Governor has until Nov. 28 to sign the Empire State Music Production Tax Credit into law

by Addie Morfoot

A coalition of music businesses called for Gov. Andrew Cuomo to sign a music tax credit into law before a Nov. 28 deadline. Its effort was partly a response to a letter to Cuomo from a policy watchdog a week earlier questioning the benefit to the state of the tax break.

In June, the Senate and Assembly approved the Empire State Music Production Tax Credit, which would provide a 25% tax break for eligible music-production-related costs in downstate counties and a 35% credit for upstate production. The bill, sponsored by Assemblyman Joseph Lentol, D-North Brooklyn, and Sen. Martin Golden, R-C-I, Brooklyn, allocates $25 million per year to each program, for a total of $50 million annually.

To be eligible for the tax incentive, companies must produce 75% of their project in New York state. Production costs under the credit’s provisions include below-the-line fees like studio rental fees, mixing, session-musician salaries, engineering and mastering services. Under both programs, all costs eligible for the credit must be incurred and paid in New York state.

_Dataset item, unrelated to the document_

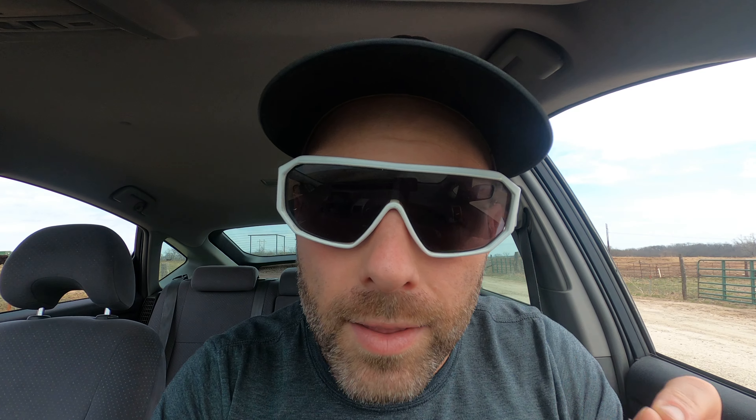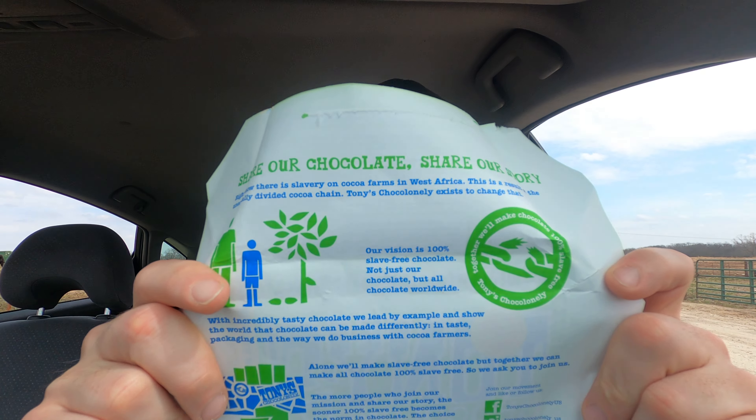Without further ado, let's crack this baby open. Let's take the foil off and investigate. Make it look straight.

New York Is Music, a coalition of 200-plus music-related organizations, has worked to pass the incentive since 2014. It analyzed more than 1,400 recording sessions covering the top-selling albums made between 1999 and 2014 and reported that New York state’s share of the projects had fallen by almost 50%. Local 802 Associated Musicians of Greater New York also reported that work has fallen approximately 30% in the past decade.

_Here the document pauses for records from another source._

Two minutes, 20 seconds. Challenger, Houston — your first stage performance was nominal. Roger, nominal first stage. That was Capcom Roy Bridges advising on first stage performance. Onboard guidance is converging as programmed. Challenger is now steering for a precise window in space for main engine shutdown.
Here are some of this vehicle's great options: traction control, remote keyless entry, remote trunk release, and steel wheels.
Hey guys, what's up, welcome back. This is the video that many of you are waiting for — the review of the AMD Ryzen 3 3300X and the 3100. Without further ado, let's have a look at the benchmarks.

“We believe acknowledgment and support of music recording and production by the New York state government will have a profound effect on the growth and sustainability of a robust music ecology statewide,” said Bill Harvey, co-founder of New York Is Music.

“For too long we have all watched as iconic recording studios, retail outlets and other businesses necessary for a healthy New York music economy have shuttered,” said Recording Industry Association of America Chairman and CEO Cary Sherman in a statement. “Jobs have been lost to other countries, other states or lost altogether. That’s a shame and an outrage. New York once was—and should again be—a vibrant epicenter of music.… This legislation provides an opportunity for New York to regain its footing and reclaim its status as an economic engine of music industry growth. We urge Governor Cuomo to sign this vital bill into law.”

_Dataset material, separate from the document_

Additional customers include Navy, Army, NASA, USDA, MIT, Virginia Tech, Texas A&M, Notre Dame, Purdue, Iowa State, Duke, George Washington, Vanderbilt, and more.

The Citizens Budget Commission does not share the coalition’s positive view of the bill. CBC’s president, Carol Kellermann, sent a letter to Cuomo on Nov. 17, a day after the bill was formally delivered to him for final consideration. Kellermann reminded Cuomo that when the film tax credit program was originally adopted in 2004, it was capped at $25 million per year before growing to its current $420 million annual budget.

“If adopted, there will be pressure to continue expanding the music and digital gaming credits as well, despite evidence that these types of narrowly focused tax credits do not provide a return on investment and should be curtailed, not expanded,” she wrote.

If Cuomo signs the bill on Monday, it will go into effect immediately and will sunset on Dec. 31, 2019.